Após o fim da União Soviética, surgiu uma “nova Otan” acionada mesmo sem ameaça ou ataque efetivos a um país membro. A tutela dos interesses do bloco liderado pelos EUA passou a ser um dos objetivos do pacto. Assim, vendo a Otan como instrumento do poder americano, Moscou opõe-se à entrada da Ucrânia na Otan, que a ameaçaria de cerco militar, dado que quase todos os países do Leste europeu já se aliaram aos EUA.
Por outro lado, não se justifica a invasão russa a um Estado soberano, ainda mais pela destruição de alvos não militares e o massacre de civis. Como já em 1999 (Chechênia), em 2008 (Geórgia) e em 2014 (Ucrânia), os russos agridem um país vizinho, em clara violação do direito internacional, visando recuperar o domínio perdido nas últimas décadas e preocupando os países europeus.

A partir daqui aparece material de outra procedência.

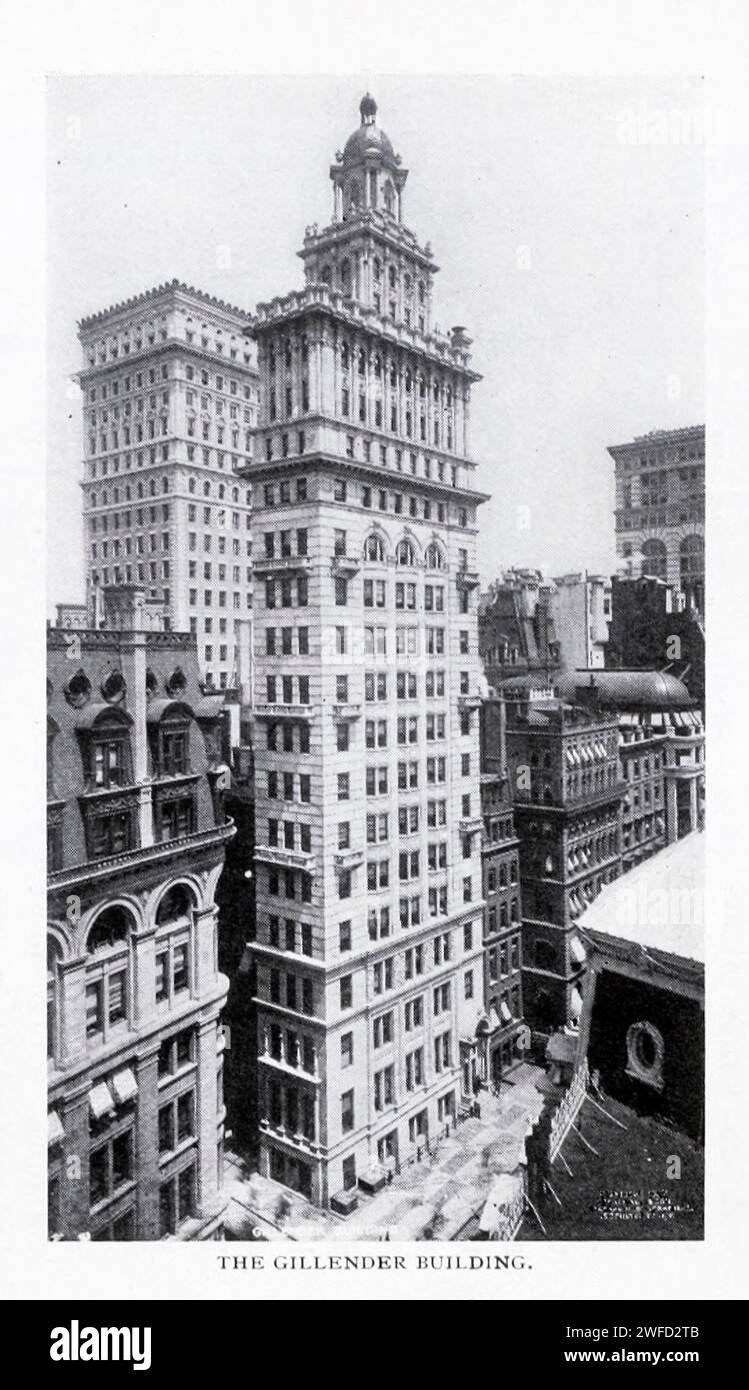 The Gillender Building from the Article THE ARCHITECTURAL RELATIONS OF THE STEEL-SKELETON BUILDING.By F. H. Kimball. from The Engineering Magazine Devoted to Industrial Progress Volume XI October 1897 The Engineering Magazine Co Stock Photo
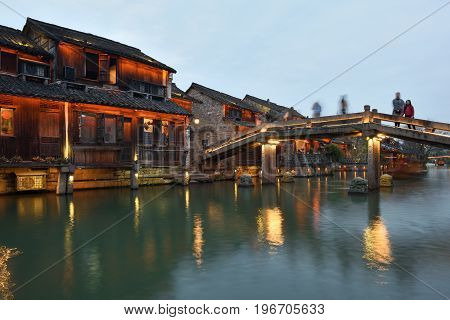 WUZHEN CHINA - MARCH 24: Night scene of Wuzhen on March 24 2016 in Wuzhen China. Wuzhen is a historic scenic town located in northern Zhejiang Province China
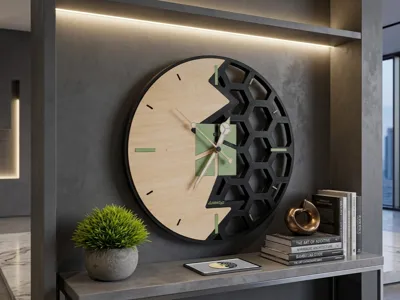 Bambu Wood Honeycomb Wall Clock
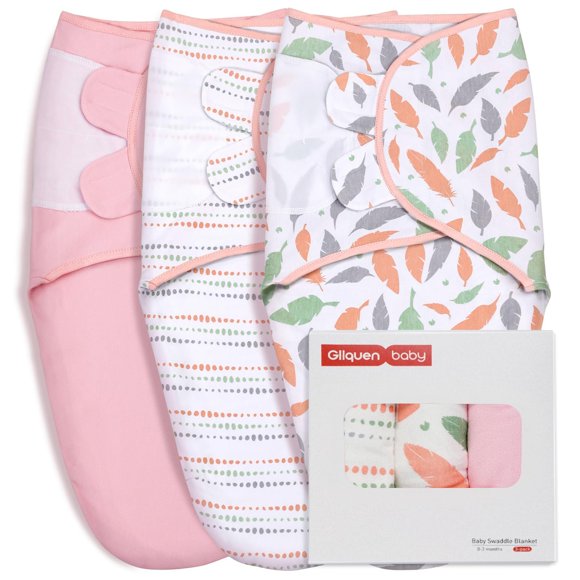 Mantas de Envolver GLLQUEN BABY Paquete de 3 Ajustables 56x66 cm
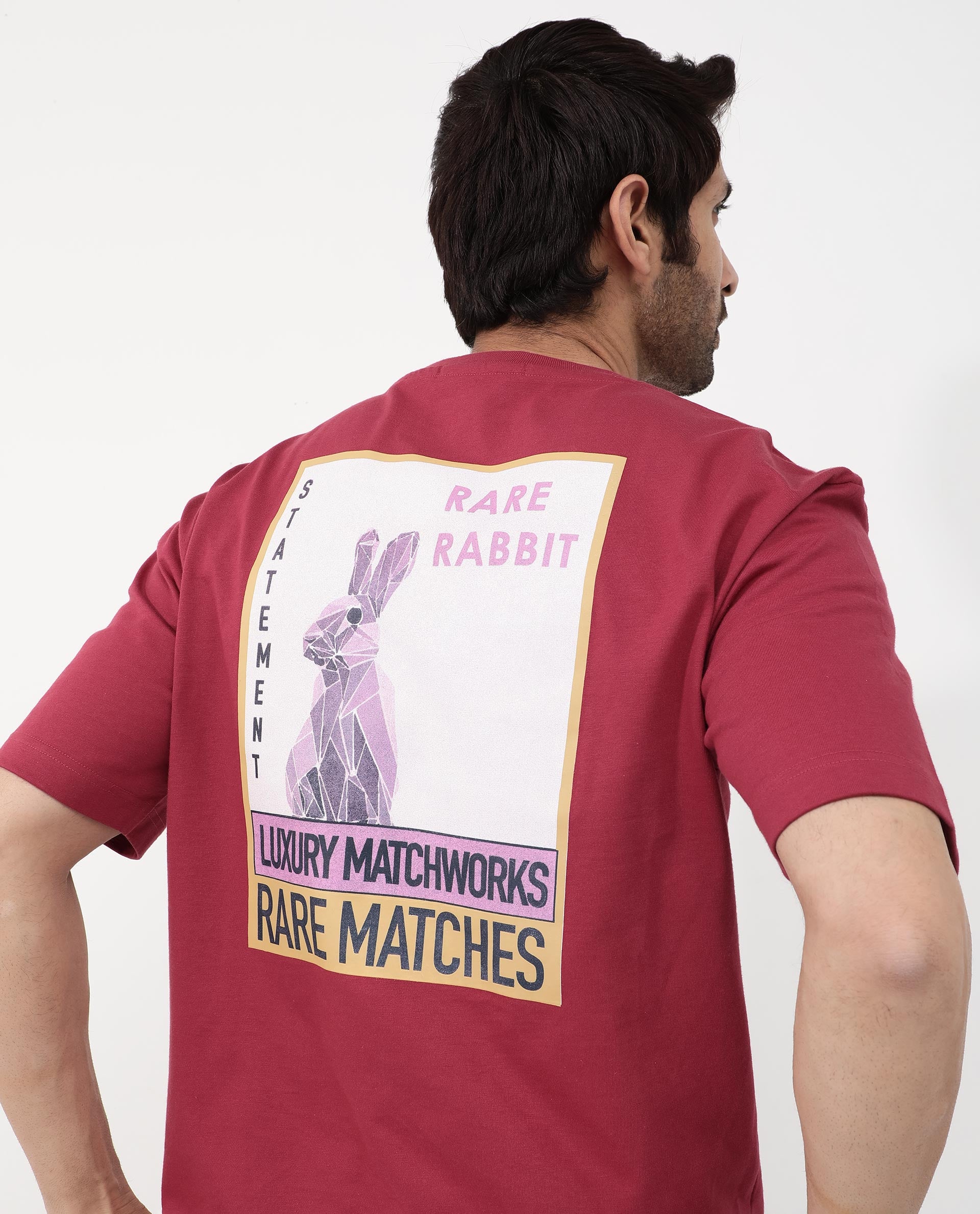 Rare Rabbit Articale Mens Iver Red Cotton Polyester Fabric Short Sleeve Crew Neck Oversized Fit Graphic Printed T-Shirt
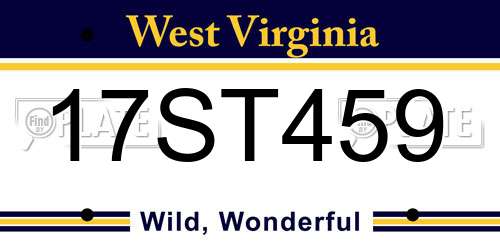 17ST459 West Virginia License Plate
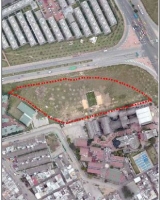 Imagen aérea satelital, con el polígono de intervención del Plan de Implantación.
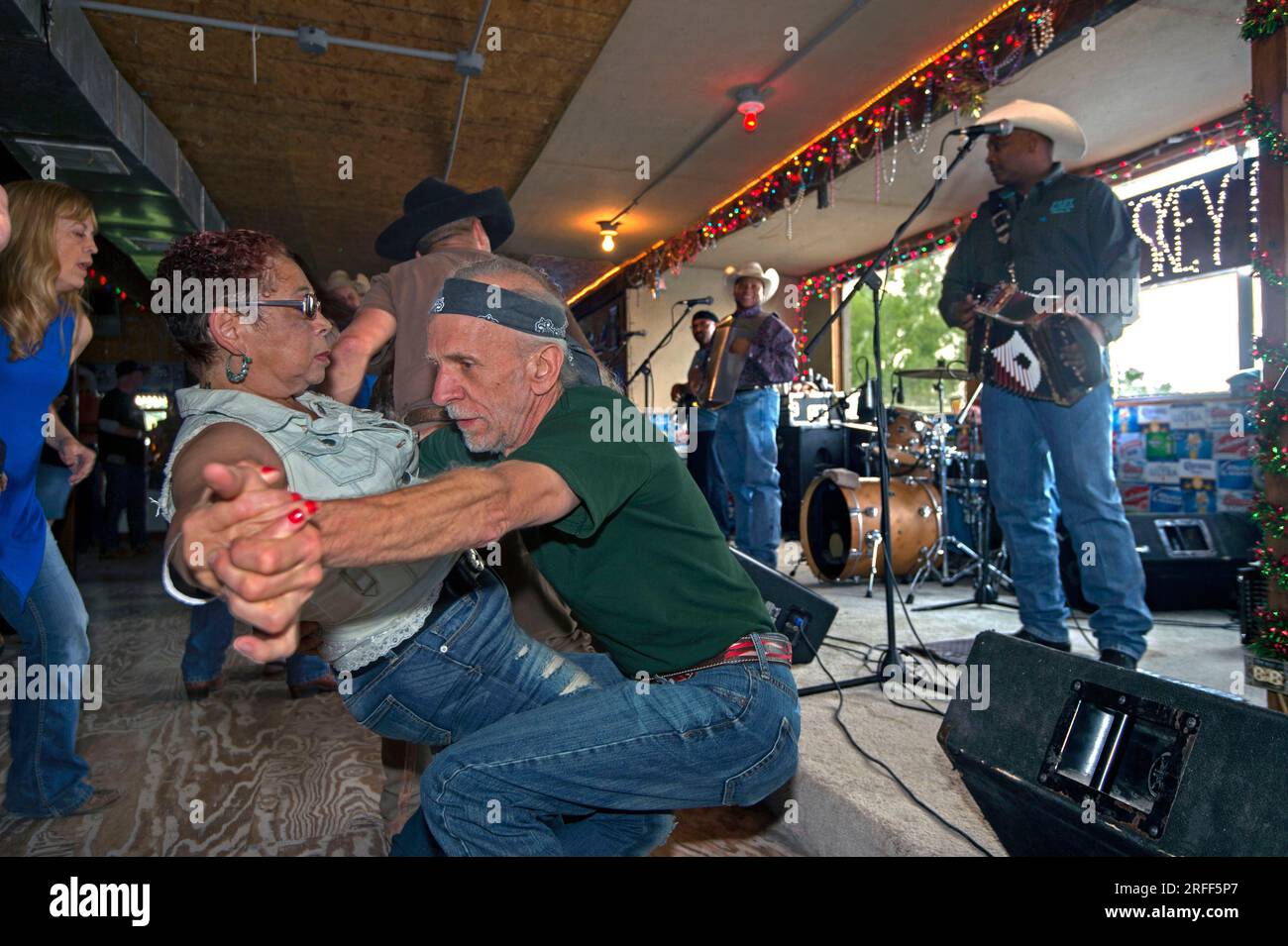 United States, Louisiana, Henderson, Zydeco musician Geno Delafosse plays at the Whiskey River club on the Atchafalaya Basin Stock Photo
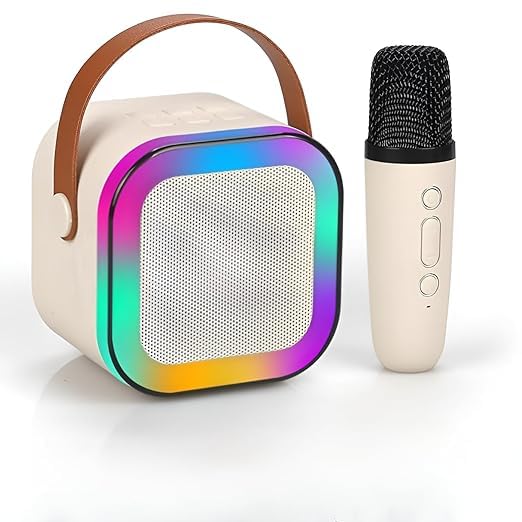 SE HUB K12 Speaker Machine Bluetooth-Compatible Wireless Karaoke Mic Speaker Multi-Compatibility Modes, RGB Lights | Party POP Bluetooth Speaker with Mic (Beige)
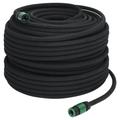 vidaXL Flexible Soaker Hose 100m Drip Irrigation System for Gardens with Rubber Weeping Pipe, Black, Connectors & Accessories Included
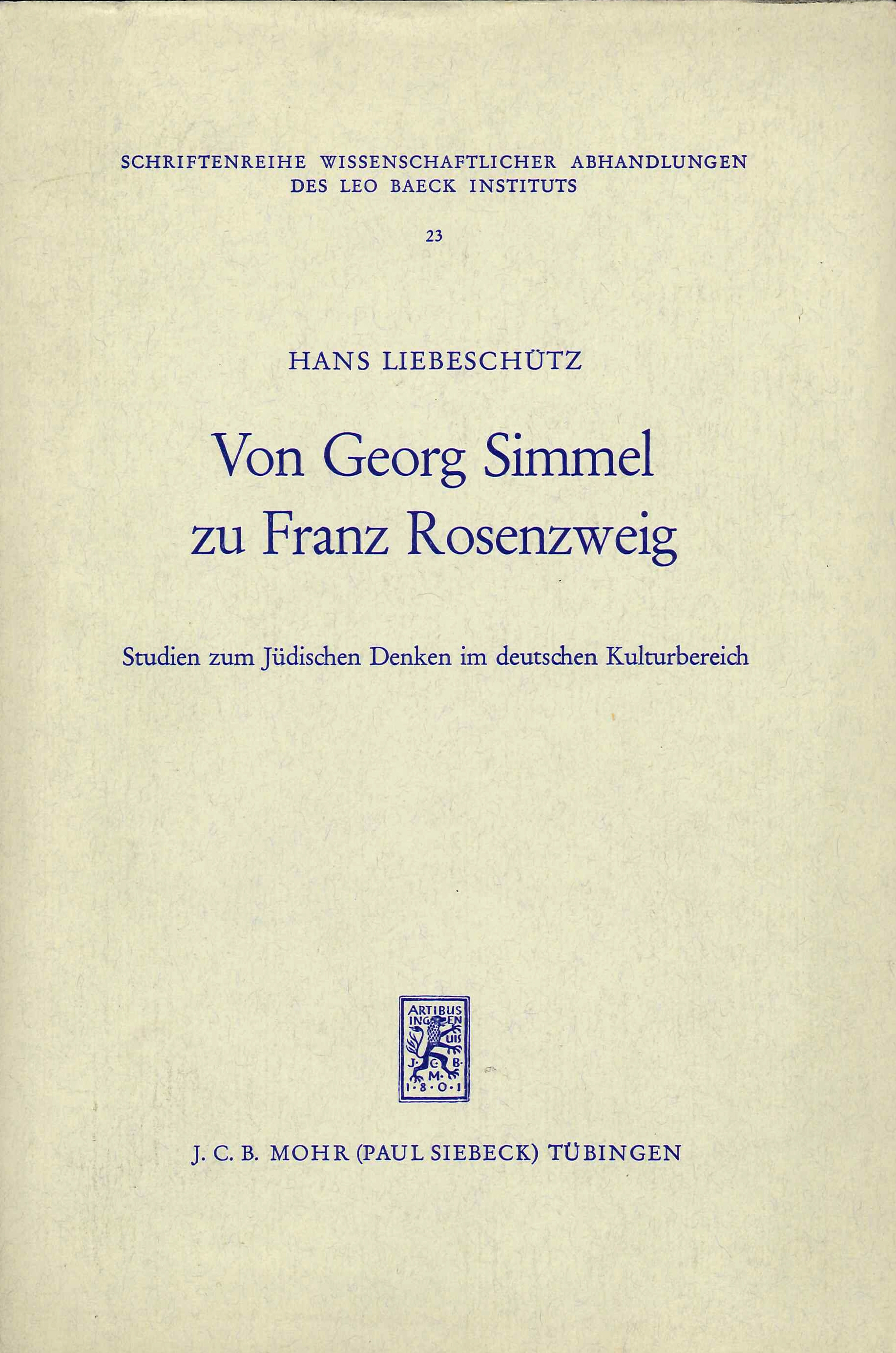 Von Georg Simmel Zu Franz Rosenzweig: Studien Zum Judischen Denken …
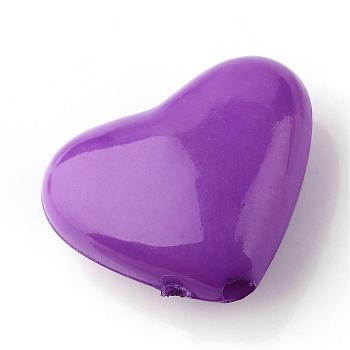 Opaque Acrylic Beads, Heart, Blue Violet, 10x10.5x5.5mm, Hole: 1.5mm, about 1250pcs/500g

Em suma, duas políticas imperiais disputam espaço na Europa e se enfrentam nos campos de batalha da Ucrânia, mesmo sem a presença direta de soldados da Ota. A paz entre países é resultado tanto da diplomacia quanto da força militar, que não deve ser exercida, mas usada para inibir ataques inimigos.
Com relação à eficácia da diplomacia, seria ingênuo confiar apenas nos tratados entre nações, que – a depender dos interesses dos signatários – podem se tornar “pedaços de papel”, fáceis de rasgar. Sobretudo quando o conflito envolver grandes potências (EUA, Rússia e China), os órgãos multilaterais que arbitram as controvérsias internacionais não têm dado conta do recado, esbarrando no poder de veto delas no Conselho de Segurança da ONU.
Entretanto, seria míope acreditar na garantia da paz entre países apenas pelo poder das armas. De fato, a grande força militar de uma potência desestimula agressões externas, porém incentiva também a corrida armamentista de outras, pondo assim em risco a paz. Ainda, mesmo após uma guerra com claro vencedor, carecem acordos diplomáticos para regular as relações internacionais.
Cabe, inclusive, atender minimamente aos interesses do país perdedor, para evitar que um novo conflito seja apenas questão de tempo, como no fim da 1ª guerra mundial com o tratado de paz punitivo da Alemanha.
A guerra na Ucrânia, em boa medida, decorreu da falta de empenho diplomático. Hoje, Rússia e Otan se envolvem cada vez mais na luta. O conflito é de desfecho incerto e possivelmente longínquo.